Em 29 de Junho de 1939, A doou 30/100 do domínio útil dum prédio urbano, situado na Rua de Miguel Aires, e aforado pela RAEM desde 1883 a uma pessoa colectiva de utilidade pública administrativa (doravante designada por autora), encarregando-a de o administrar, na condição de a autora pagar, anualmente, a A ou ao seu representante, 70/100 do rendimento líquido do referido prédio. No entanto, há mais de 30 anos que ninguém comparece junto da autora para arrecadar os falados rendimentos e esta última procede à administração do prédio como proprietária única. No ano de 2016, a autora intentou, junto do Tribunal Judicial de Base, acção declarativa ordinária contra A, os herdeiros de A e a RAEM, pedindo que lhe fosse reconhecida a titularidade do domínio útil sobre todo o prédio por via de usucapião. O Tribunal Judicial de Base rejeitou o dito pedido por considerar que a autora não tinha demonstrado factos reveladores de uma oposição contra a contitularidade, para que pudesse adquirir a respectiva posse por inversão do título de posse.
Inconformada, a autora interpôs recurso para o Tribunal de Segunda Instância, invocando a razão de que, desde há mais de 30 anos, ninguém se arroga titular do domínio útil do prédio, para que à autora fosse, então, possível demonstrar a sua oposição, com vista à inversão do título de posse.
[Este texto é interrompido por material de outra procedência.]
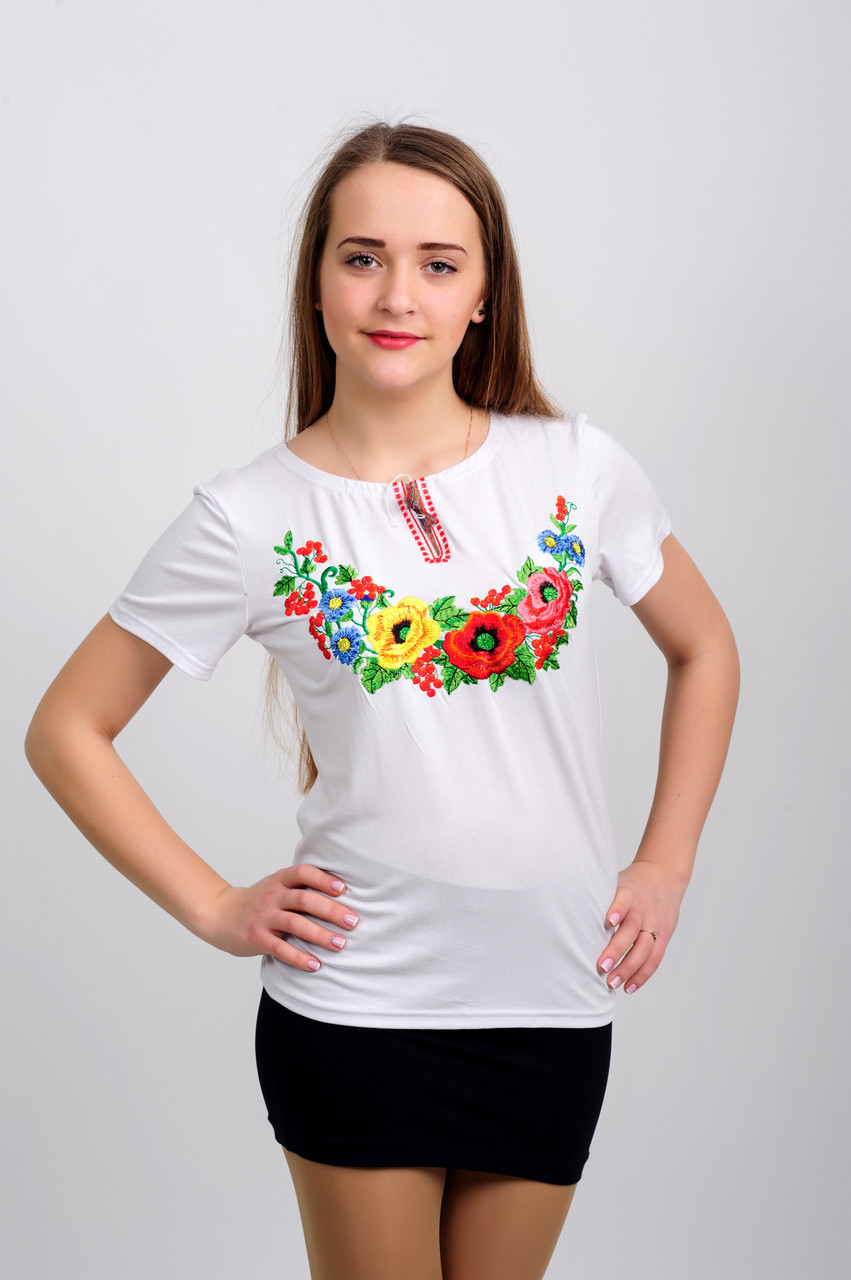 Женская вышитая футболка. Западный мак, белая - фото 1 - id-p50762467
O Tribunal Colectivo do Tribunal de Segunda Instância conheceu do caso.
Segundo o Tribunal Colectivo, nos termos do artigo 1302.º do Código Civil, o uso da coisa comum não constitui, em geral, para o comproprietário uma posse exclusiva ou posse de quota superior à dele, salvo se tiver havido inversão do título, previsto no n.º 2 desse artigo. Para haver essa inversão é suposto que os actos materiais praticados pelo interessado na aquisição por inversão do título de posse ilustrem uma oposição desse comproprietário contra o(s) outro(s). Geralmente, quando um comproprietário usa a quota do outro da coisa comum, fá-lo como possuidor precário. Mas se esse uso é feito a título de posse em nome próprio, isso significa que pretende adquirir contra o(s) outro(s) (por oposição ao outro) a parte que a este(s) pertence. A oposição tem que se traduzir, portanto, em actos positivos e inequívocos (materiais ou jurídicos) e categóricos, para que não fique dúvida de que a sua intenção é a de adquirir a quota de quem a possuía. Sem essa oposição, não é possível ocorrer a inversão do título de posse, o que impede a aquisição por usucapião. O Tribunal Colectivo realçou que, no caso sub judice, desde há longo tempo é desconhecido o paradeiro de A, nem se sabe se ela ainda é viva, pelo que à autora não é possível manifestar, perante e contra a primeira, o propósito inequívoco de inversão do título de posse, o que leva à impossibilidade dessa inversão.
Pelo exposto, o Tribunal Colectivo negou provimento ao recurso.
Cfr. Acórdão do TSI, Processo n.º 1006/2018.